Examples include: FS KKR Capital Corp ( FSK ) at 51 cents per dollar of assets, Blue Owl Technology Finance Corp ( OTF ) at 68 cents, and Prospect Capital Corporation ( PSEC ) at 44 cents, according to Raymond James data published on Monday.

Carlyle's Secured Lending fund trades at 68 cents and Blackstone's Secured Lending Fund at 88 cents. Even the biggest BDC - a $31 billion fund run by Ares Management ( ARES ) - trades at 94 cents on the dollar.

The companies declined to comment or did not respond.

Larger managers say their portfolios remain stable despite market volatility, though some have acknowledged strains. Executives at KKR and Blackstone funds said in February that some borrowers are struggling.

Morningstar's ( MORN ) Jack Shannon said investors appear to believe the sector's "best days are behind it" after rapid growth "forced firms to compete" by offering higher returns or easing lending protections.

WHY THIS MATTERS

Falling stock prices signal rising pessimism. Evercore ISI analyst Glenn Schorr said the discounts now reflect fears of a recession and higher loan losses.

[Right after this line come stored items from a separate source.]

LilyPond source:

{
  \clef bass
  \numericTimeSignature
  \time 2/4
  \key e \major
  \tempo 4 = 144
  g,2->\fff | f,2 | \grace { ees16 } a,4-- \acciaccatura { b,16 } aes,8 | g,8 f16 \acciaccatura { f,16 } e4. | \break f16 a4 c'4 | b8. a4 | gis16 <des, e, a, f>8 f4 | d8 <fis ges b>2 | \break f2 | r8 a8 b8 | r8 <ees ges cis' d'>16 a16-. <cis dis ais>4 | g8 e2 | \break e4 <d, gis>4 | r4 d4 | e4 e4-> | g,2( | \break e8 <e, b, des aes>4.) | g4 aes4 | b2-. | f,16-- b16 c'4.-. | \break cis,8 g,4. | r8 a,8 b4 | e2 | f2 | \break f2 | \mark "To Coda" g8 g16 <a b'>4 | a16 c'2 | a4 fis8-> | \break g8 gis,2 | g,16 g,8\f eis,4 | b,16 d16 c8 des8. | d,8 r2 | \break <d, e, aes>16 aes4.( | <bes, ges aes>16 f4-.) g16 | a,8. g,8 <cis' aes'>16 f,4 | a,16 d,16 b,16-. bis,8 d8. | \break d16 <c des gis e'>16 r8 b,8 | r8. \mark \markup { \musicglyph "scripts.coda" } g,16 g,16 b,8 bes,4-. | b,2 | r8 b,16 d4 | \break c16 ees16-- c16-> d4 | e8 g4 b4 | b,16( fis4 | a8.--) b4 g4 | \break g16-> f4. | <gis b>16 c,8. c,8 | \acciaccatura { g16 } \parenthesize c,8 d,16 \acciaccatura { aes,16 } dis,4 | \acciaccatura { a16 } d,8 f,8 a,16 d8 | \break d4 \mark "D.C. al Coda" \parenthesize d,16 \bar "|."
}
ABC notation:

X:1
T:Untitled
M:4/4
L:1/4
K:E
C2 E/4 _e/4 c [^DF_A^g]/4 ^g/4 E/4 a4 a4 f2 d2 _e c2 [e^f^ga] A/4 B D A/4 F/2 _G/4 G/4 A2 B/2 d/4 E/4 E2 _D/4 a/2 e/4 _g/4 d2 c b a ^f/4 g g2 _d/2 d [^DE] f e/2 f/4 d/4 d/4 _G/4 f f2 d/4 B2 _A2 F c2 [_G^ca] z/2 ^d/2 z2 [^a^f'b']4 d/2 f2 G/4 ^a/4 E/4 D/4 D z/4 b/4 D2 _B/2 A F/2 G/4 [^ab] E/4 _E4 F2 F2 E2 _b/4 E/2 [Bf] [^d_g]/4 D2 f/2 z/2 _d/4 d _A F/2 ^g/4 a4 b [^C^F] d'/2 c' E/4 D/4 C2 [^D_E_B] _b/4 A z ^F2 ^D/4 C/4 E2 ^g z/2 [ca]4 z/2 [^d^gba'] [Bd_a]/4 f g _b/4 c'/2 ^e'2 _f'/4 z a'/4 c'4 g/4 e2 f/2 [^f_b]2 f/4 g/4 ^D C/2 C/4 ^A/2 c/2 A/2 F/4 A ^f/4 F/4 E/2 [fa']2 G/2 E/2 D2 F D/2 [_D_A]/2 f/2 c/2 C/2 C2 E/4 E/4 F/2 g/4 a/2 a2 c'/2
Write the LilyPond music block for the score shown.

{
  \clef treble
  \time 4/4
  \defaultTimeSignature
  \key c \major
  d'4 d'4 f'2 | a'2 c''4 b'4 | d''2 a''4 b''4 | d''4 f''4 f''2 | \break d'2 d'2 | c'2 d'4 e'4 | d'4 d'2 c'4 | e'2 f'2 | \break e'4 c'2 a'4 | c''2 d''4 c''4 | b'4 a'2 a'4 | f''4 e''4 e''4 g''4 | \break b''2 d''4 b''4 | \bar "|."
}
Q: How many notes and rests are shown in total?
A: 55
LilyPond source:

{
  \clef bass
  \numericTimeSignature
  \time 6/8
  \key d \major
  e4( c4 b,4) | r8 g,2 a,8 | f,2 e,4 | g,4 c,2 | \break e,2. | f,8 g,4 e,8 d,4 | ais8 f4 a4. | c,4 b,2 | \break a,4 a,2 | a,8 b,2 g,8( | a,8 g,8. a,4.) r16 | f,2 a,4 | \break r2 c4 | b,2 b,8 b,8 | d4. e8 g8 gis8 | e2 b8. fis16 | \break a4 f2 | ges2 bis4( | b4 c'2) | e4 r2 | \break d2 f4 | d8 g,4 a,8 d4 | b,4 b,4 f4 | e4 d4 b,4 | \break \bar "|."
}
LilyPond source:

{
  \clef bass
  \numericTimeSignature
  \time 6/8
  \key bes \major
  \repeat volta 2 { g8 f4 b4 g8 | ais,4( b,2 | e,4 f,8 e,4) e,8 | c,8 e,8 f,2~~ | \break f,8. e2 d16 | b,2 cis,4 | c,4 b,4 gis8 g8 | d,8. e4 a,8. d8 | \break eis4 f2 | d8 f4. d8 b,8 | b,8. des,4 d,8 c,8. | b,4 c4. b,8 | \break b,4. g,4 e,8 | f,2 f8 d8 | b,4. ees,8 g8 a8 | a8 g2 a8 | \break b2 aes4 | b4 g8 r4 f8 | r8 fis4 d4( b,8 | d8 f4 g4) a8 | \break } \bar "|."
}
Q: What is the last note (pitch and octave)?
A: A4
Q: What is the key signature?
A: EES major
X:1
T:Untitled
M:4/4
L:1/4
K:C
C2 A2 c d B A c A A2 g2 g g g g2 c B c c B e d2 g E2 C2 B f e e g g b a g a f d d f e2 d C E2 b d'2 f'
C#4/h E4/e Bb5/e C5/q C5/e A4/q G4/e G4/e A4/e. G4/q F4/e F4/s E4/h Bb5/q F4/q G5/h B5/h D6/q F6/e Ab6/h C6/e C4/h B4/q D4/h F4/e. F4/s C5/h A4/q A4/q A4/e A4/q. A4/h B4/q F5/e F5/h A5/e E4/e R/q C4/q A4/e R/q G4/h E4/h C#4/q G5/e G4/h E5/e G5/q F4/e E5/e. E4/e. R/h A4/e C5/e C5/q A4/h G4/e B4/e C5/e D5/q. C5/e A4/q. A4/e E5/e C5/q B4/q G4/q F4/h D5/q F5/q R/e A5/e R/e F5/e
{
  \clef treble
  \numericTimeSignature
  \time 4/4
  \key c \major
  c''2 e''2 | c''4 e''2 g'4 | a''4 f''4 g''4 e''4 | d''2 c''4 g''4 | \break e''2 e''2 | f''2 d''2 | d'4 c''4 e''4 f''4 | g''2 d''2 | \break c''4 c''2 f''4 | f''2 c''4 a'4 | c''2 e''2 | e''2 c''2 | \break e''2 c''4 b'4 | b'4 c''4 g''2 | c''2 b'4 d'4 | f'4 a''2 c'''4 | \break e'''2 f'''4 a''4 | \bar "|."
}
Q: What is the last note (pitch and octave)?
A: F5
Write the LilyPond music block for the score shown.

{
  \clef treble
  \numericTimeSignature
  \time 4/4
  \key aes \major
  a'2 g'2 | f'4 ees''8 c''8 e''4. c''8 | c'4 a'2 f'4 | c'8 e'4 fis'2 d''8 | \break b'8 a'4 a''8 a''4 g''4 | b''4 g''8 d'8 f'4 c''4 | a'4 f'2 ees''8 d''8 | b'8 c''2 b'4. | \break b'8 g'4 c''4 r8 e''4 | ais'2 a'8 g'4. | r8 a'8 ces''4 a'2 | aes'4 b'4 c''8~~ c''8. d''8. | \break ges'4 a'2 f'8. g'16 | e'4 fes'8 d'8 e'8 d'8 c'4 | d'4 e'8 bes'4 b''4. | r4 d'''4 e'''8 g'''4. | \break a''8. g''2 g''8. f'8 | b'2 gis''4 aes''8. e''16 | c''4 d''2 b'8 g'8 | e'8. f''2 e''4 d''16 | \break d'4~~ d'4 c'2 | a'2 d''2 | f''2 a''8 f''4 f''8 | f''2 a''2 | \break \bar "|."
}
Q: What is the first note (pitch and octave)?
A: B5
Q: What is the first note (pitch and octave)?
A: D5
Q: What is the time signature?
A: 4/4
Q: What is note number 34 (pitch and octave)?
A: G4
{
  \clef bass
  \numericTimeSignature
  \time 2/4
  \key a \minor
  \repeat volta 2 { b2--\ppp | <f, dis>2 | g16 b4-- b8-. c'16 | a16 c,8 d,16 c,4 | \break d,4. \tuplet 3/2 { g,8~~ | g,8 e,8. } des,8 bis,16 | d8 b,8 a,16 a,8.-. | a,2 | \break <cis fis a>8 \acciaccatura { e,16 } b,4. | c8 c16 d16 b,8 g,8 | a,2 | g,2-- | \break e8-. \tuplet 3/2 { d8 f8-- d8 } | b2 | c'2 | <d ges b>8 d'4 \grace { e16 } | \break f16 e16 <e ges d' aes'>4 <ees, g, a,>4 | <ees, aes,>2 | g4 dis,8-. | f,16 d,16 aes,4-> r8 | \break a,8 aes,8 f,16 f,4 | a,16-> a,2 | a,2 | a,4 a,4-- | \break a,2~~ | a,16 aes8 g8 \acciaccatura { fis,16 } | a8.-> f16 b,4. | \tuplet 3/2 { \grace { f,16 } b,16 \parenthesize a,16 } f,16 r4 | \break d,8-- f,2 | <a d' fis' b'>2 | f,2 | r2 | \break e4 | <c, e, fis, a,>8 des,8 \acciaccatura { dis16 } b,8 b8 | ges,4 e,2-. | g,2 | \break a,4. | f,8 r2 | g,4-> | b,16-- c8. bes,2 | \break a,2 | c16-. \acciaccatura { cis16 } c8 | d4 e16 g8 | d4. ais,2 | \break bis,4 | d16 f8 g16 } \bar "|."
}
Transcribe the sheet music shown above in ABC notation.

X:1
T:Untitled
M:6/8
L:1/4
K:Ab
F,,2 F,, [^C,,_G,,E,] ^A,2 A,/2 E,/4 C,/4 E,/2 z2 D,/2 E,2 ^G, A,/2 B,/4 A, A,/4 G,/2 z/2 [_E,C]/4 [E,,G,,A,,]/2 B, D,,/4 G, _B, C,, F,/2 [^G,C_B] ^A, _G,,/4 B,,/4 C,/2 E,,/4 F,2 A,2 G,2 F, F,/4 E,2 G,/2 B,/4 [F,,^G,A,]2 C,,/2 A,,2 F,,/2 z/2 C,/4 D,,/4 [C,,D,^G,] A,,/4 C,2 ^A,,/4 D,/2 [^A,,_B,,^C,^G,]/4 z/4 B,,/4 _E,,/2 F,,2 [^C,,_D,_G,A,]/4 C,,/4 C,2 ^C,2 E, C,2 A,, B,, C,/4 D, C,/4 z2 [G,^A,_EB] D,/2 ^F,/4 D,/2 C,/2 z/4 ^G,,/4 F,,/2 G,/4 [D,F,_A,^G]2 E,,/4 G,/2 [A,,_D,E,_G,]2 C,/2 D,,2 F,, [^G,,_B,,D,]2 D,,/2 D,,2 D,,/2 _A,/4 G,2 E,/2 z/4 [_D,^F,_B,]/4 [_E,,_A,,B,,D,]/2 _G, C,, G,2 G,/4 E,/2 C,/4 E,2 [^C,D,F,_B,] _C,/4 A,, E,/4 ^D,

Non-traded BDCs, which let investors redeem a portion of shares each quarter, are also under pressure, with several limiting withdrawals.

On Wednesday, Morgan Stanley said it had limited redemptions at one private credit fund after investors sought to pull out almost 11% of outstanding shares. BlackRock ( BLK ) recently capped withdrawals at a major fund, while Blackstone's flagship fund saw a surge in withdrawal requests in the first quarter.

Blackstone President Jon Gray said that large institutional investors such as pension funds - which typically commit money for longer periods - continue to put money into private credit.

JPMorgan has cut the value of some private credit loans after assessing the impact of volatility around software companies, sources told Reuters this week.

GROWING ASSETS UNDER MANAGEMENT

Private credit continues to expand, with forecasts pointing to further growth. Law firm Eversheds Sutherland estimates around 50 traded BDCs hold more than $150 billion in assets between them, and more than 100 non-traded BDCs hold another $270 billion.